▶ _WHAT IS BEING ASKED_
Tally the lines in the material below that hold the string "Pink" and report the tally alone.

▶ _SUPPLIED ENTRIES_
'''

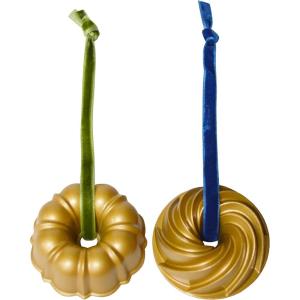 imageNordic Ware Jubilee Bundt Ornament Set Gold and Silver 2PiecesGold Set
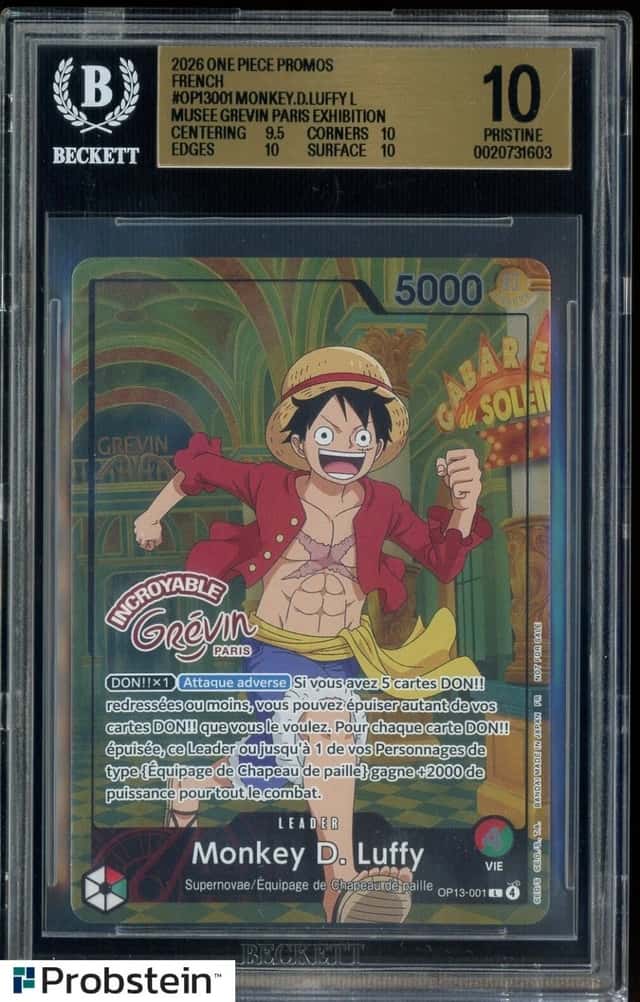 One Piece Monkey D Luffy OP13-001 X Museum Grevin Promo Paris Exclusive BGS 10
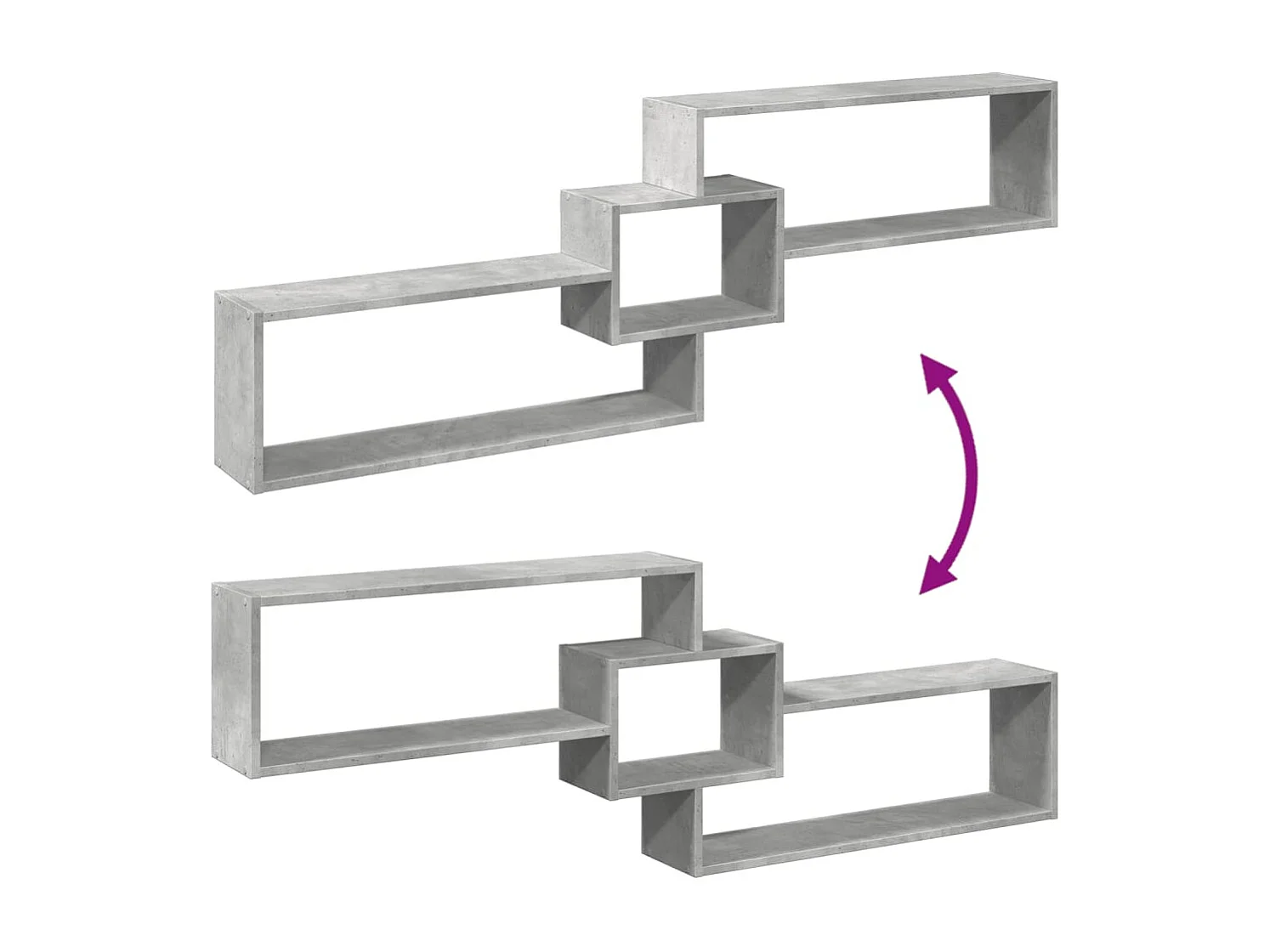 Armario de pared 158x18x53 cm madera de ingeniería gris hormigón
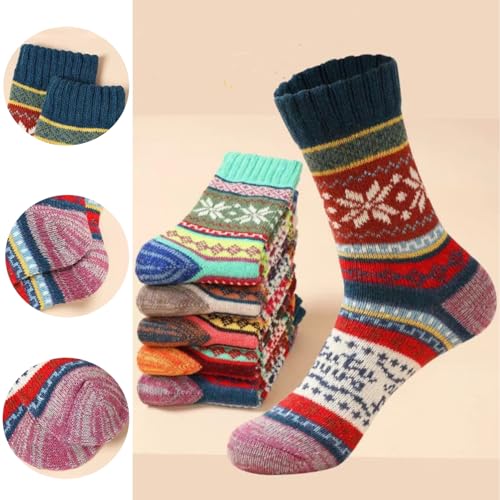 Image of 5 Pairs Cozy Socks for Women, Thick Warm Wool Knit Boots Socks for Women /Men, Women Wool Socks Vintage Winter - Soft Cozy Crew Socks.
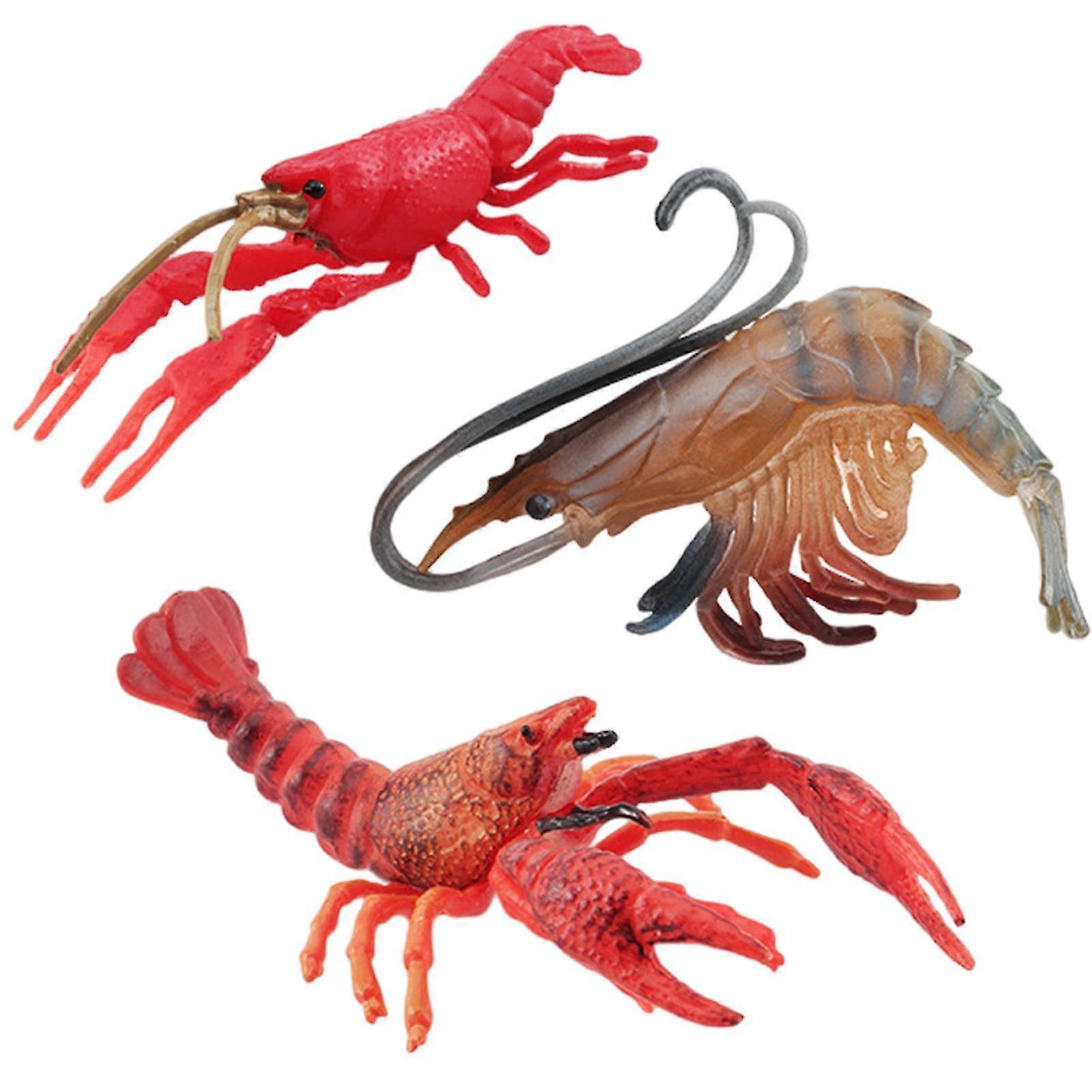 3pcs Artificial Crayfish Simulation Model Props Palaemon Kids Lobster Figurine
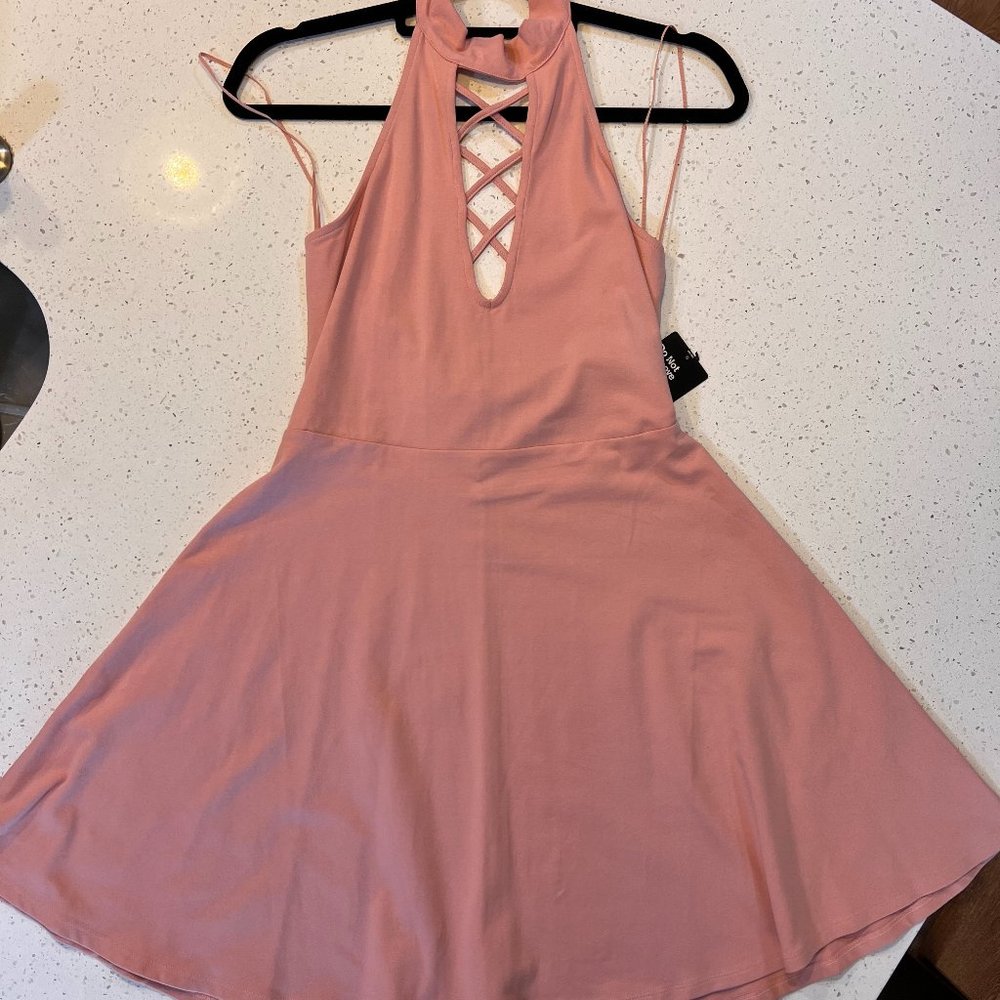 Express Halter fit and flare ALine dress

'''
'''

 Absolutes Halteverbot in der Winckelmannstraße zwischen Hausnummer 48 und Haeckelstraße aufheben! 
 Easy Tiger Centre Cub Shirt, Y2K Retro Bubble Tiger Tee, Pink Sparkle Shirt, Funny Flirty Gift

'''
'''

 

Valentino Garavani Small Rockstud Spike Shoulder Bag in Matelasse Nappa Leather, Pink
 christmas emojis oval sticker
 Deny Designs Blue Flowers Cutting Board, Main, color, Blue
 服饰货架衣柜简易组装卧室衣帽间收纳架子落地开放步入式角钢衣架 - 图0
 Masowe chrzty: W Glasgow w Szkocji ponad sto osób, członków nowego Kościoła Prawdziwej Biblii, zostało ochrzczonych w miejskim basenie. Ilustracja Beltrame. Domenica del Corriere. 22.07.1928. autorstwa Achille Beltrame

'''

▶ _ANSWER TO THIS EXERCISE_
2